Naquela época, a crítica dizia respeito principalmente a termos
franceses e latinos, por razões óbvias. A França era então a nação que mais numerosas exportações lexicológicas fazia em relação à
língua portuguesa, tanto à falada em Portugal, quanto no Brasil. Quanto ao uso de palavras latinas, nessa primeira metade do século
XX, fala aquele escritor que, fora termos do latim utilizado pela Igreja e o chamado latim forense, é preciso que se tenha muito
cuidado em relação ao real significado do que se está dizendo, para não correr o risco de fazer uso de citações erradas ou
impróprias.
Digo isso para que todos nós estejamos cientes de que sempre houve
problemas gerados pela introdução de palavras estrangeiras em qualquer língua, principalmente na nossa que tem uma história muito
especial.
Pelo pouco tempo que disponho para falar com vocês, a primeira
dificuldade que sinto é a de como e a partir de que momento começo a contar a história da língua portuguesa.

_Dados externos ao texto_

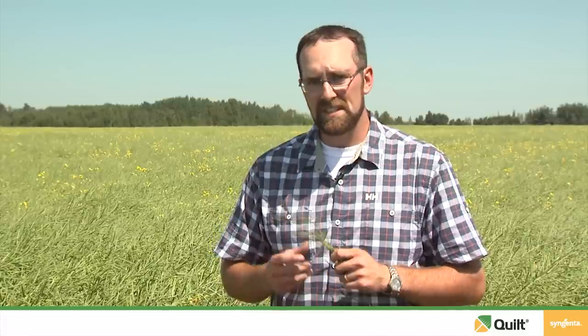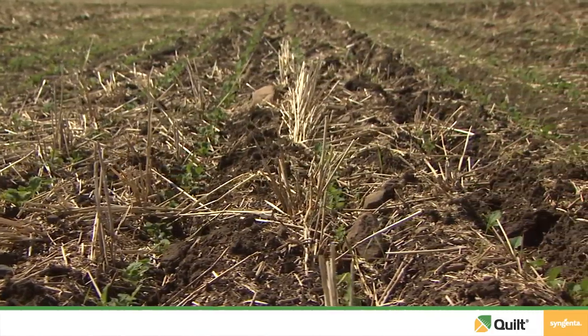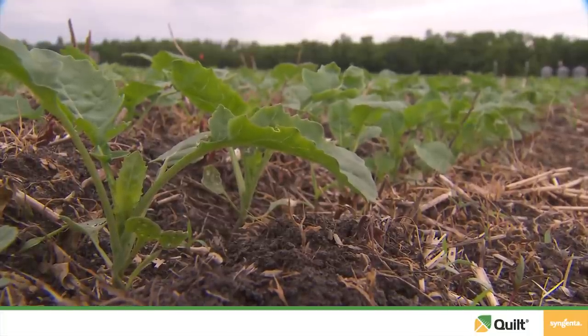You'll see the best bang for your buck out of this application at the two to four leaf stage as opposed to the four to six. It is the early blackleg infection at that two to four to six leaf stage that has the best chance of creating those lower basal stem cankers that will result in the most yield loss and most damage to your crop. When you apply Quilt at that two to four leaf stage, you'll get nice preventative protection from that fungicide application.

Aqueles que fizeram Letras, hão de lembrar-se de uma disciplina que
até pouco tempo fazia parte do núcleo obrigatório do currículo daquele curso: Filologia Românica que, por serem poucos hoje, no
Brasil, os especialistas no assunto, deixou de ser oferecida em alguns cursos de Letras. Essa matéria nos ensina como o povo romano,
em suas conquistas, que vão desde o século III a.C. até o II d.C., foi introduzindo o latim em grande parte da Europa. E foi então
que surgiram as chamadas línguas neolatinas: o romeno, o dalmático, o rético, o sardo, o italiano, o provençal, o francês, o
catalão, o espanhol e o português.
Ora, como fui Titular de Filologia Românica, durante cerca de quinze
anos, na Universidade Mackenzie, posso afirmar a vocês que é bastante difícil conseguir passar em apenas um ano de aulas tudo o que
se sabe sobre o assunto. Vou dizer, portanto, apenas que os romanos chegaram à Península Ibérica em 195 a.C. e conseguiram
conquistá-la plenamente em 133 a. C.. Quando lá chegaram, a chamada Hispânia era habitada por iberos e celtiberos, povos bárbaros e
com civilização incipiente. Quando isso aconteceu, a língua até então falada naquela região não conseguiu resistir ao latim, língua
já bem definida tanto quanto à gramática, como a textos literários de grande valor.
Julgo importante também citar que, até o século VI d.C., se falou na
Península Ibérica o latim vulgar (latim falado pela plebe e que coexistia com o latim clássico, falado e escrito pelos cultos de
então). Não posso deixar de lembrar que, ao entrar o latim em qualquer região, o povo submetido passava a falá-lo, mantendo,
todavia, resquícios de fonética e fonologia, de morfologia, de sintaxe e mesmo de estilística de sua língua original. Daí advém o
que chamamos hoje de sotaque, sendo essa a razão principal das novas línguas (neolatinas) que vão surgindo.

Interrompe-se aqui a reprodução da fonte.